In LMIC, weak health care systems and scarce human resources necessitate that interventions to improve maternal and child health are integrated [21]. Traditionally, vertical programs – often with a narrow disease-focus – have dominated. Increasingly, there has been a focus on horizontally integrated and comprehensive programming for maternal and child health [45]. This is particularly true for early child development and nutrition programs where effectiveness is likely to be markedly increased with the implementation of comprehensive programs [21] and there is a substantial evidence base for this [2, 46]. What is lacking, however, is knowledge of how to combine interventions that target  early child development, nutrition, HIV-testing and retention in care with existing health services [21], particularly in rural populations.

The Sustainable Development Goals (SDG) build on the Millennium Development Goals by stressing sustainable development, not just survival and disease reduction [47], while the Global Strategy for Women’s, Children’s, and Adolescents’ Health proposes a threefold agenda: the Survive (end preventable deaths), Thrive (ensure health and wellbeing), and Transform (expand enabling environments) agenda [48]. The broader developmental focus of the SDG (“leave no one behind”) [49], combined with the thrive agenda of the Global Strategy will require a significant increase in research on integrated programming, beginning in the early years, that evaluates interventions taking place in remote rural areas where significant numbers of the world’s population still live. The goal of the Mphatlalatsane study is to evaluate the impact of an integrated community-based, community-run early childhood care and development intervention that seeks to contribute to national efforts to improve the health and psychosocial wellbeing of vulnerable children aged 5 years and younger in Lesotho. This study provides a unique opportunity to link early child development and nutrition outcome data with HIV-related information for young children in order to improve our knowledge about the nature and extent of the relationship between HIV and child development, and the potential of an integrated early childhood development intervention to prevent or mitigate developmental delays in HIV-infected and -affected children.

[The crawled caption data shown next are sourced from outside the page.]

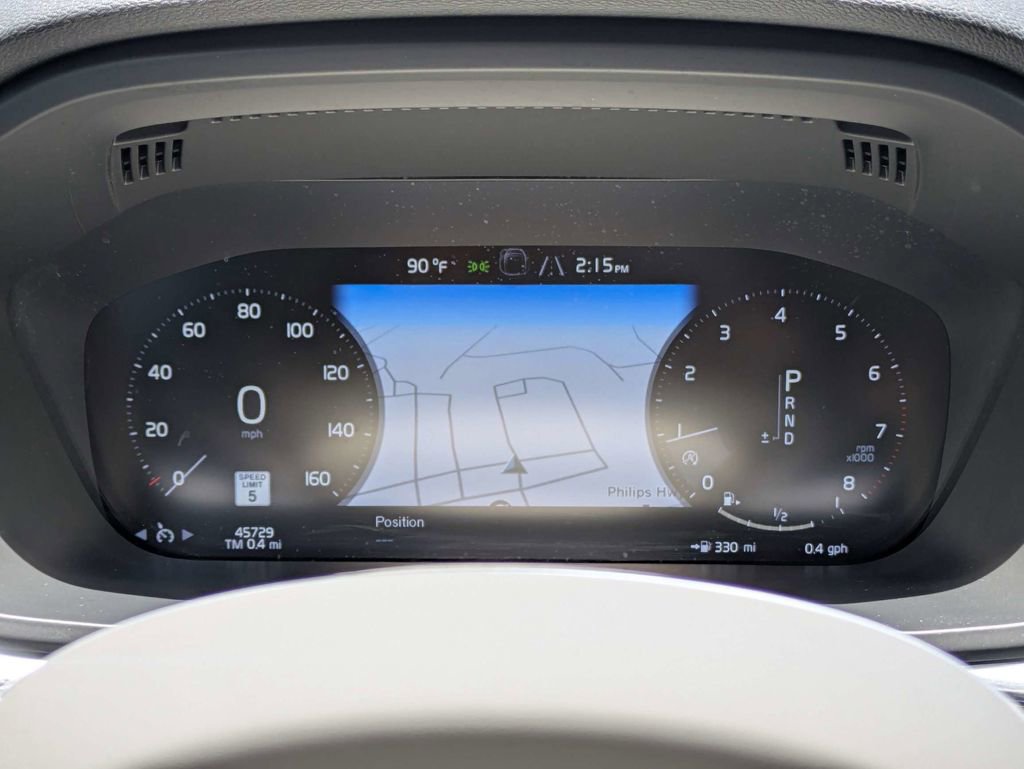 Used 2020 Volvo XC60 T5 Momentum FWD image 39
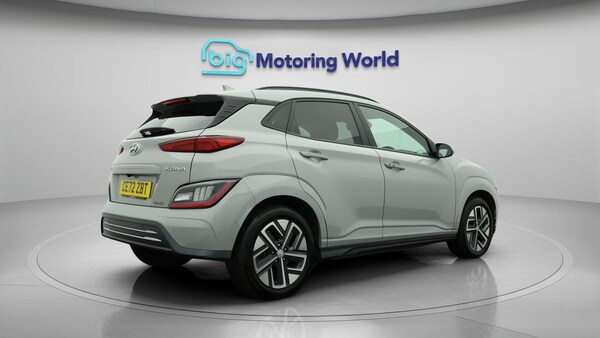Used Hyundai KONA 2022 for sale - 76306433: Photo 8
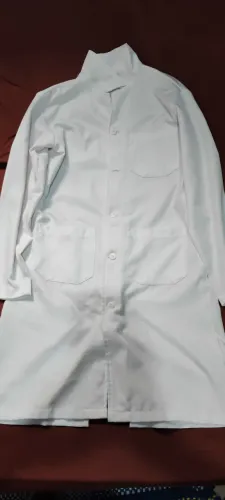 Jaleco branco manga longa com botão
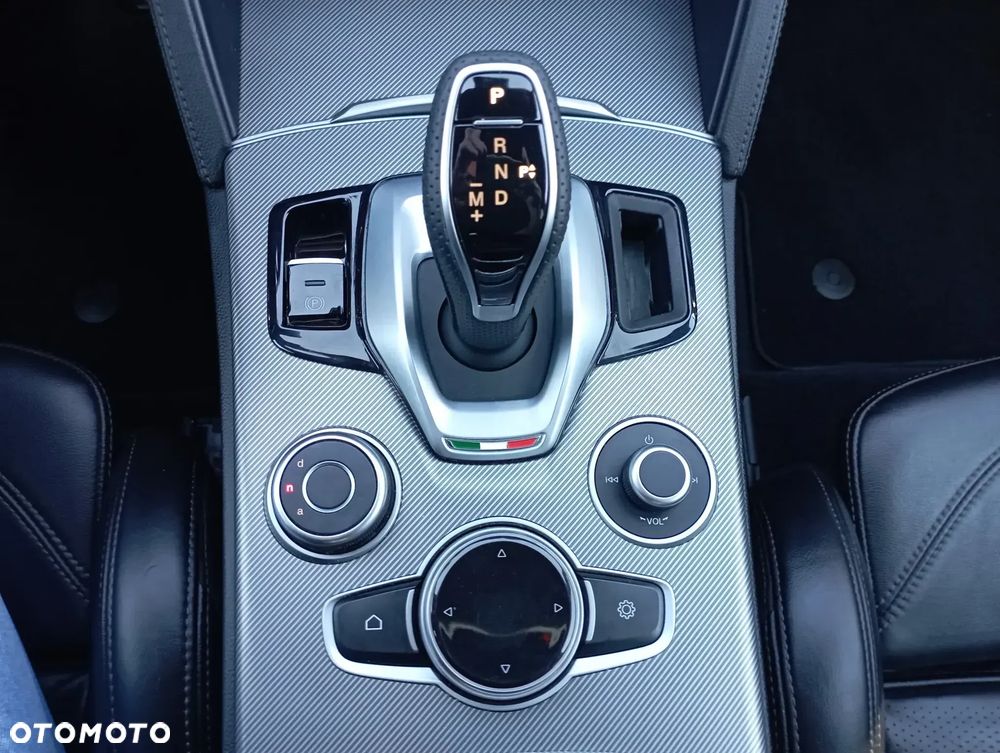 Alfa Romeo Stelvio 2.0 Turbo Veloce Q4 - 19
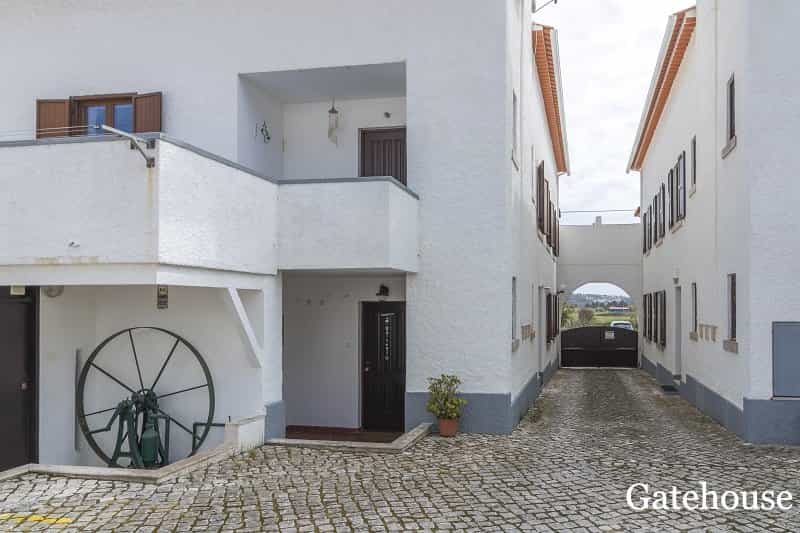 Condominium in Óbidos, Leiria District 10219379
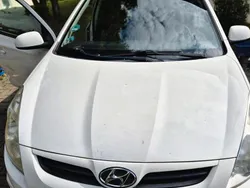 Weiß Gebraucht 2011 Hyundai i20 Edition Kleinwagen | 2.500 € (Fairer Preis)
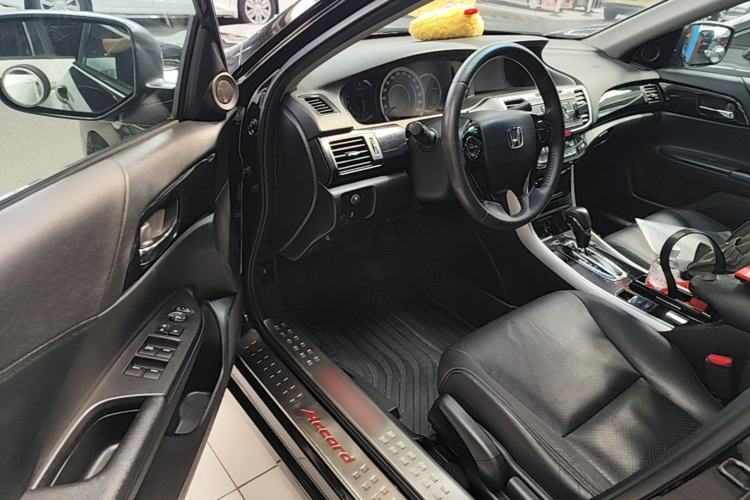 Used Honda Accord 2016 2.0L Elite Edition Driver Seat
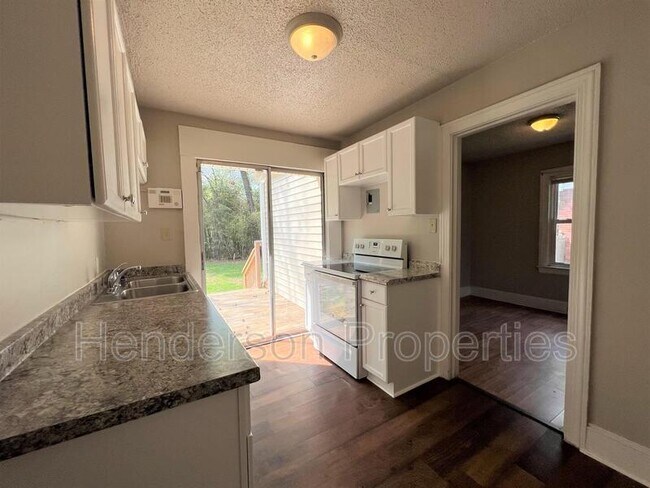 Building Photo - 1256 Edgewood Rd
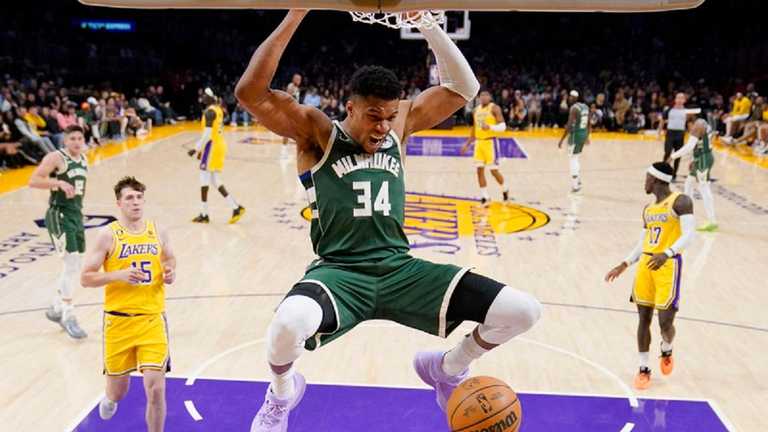 Яннис Адетокумбо / Фото AP / Mark J. Terrill Яннис Адетокумбо / Фото AP / Mark J. Terrill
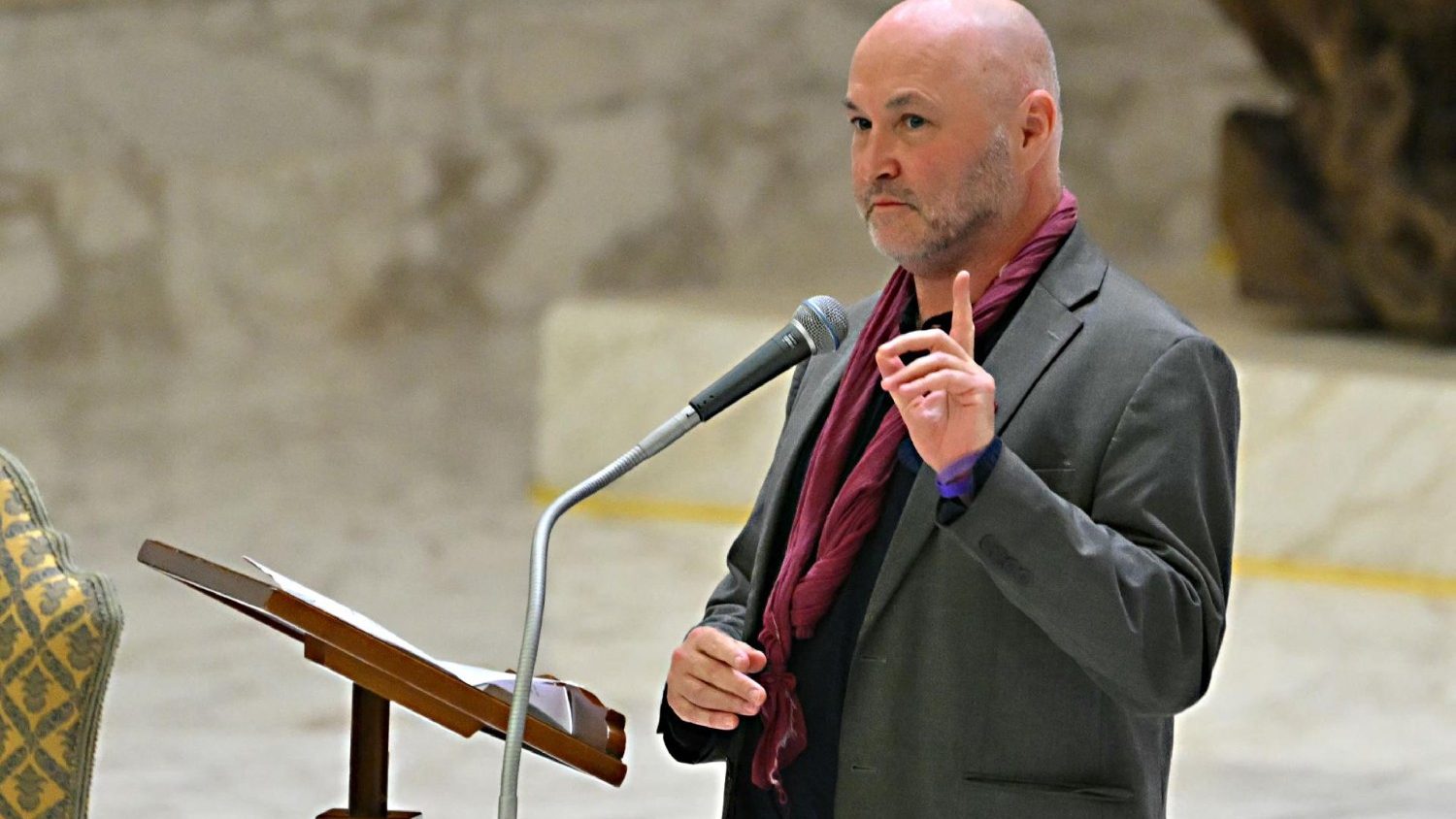Colum McCann na sua intervenção no Jubileu dos jornalistas e profissionais da comunicação. Foto © Vatican News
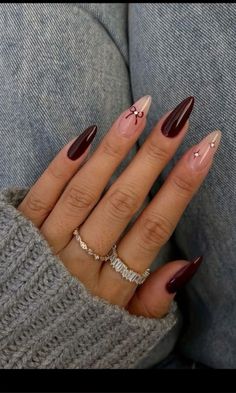 ongles, automne , marron , deco Brown Nails, Chic Nails, Cute Acrylic Nails, Holiday Nails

The area in which the study is being implemented is a deeply rural site that poses significant geographic barriers. Increasingly, mobile health units are being deployed in Africa in response to deficiencies in health care infrastructure, particularly in remote rural areas in Africa in order to address the service and access gap [50], to serve the needs of remote communities. To date, mobile health units have been widely employed in the realm of HIV care and testing [51] and tuberculosis (TB) testing and referral. However, in very remote areas (such as the Mokhotlong region of Lesotho) adverse weather conditions and impassable roads (during winter) the reach of mobile health units can be compromised. Our integration of mobile health units (health days) with home-based ECCD and nutrition services will, as well as improving the linkages with the primary health care facilities [52], provide essential data on how to deliver comprehensive services to under-served or unserved populations [53].

Trial status

At the time of manuscript submission participant recruitment was continuing and 75 % complete.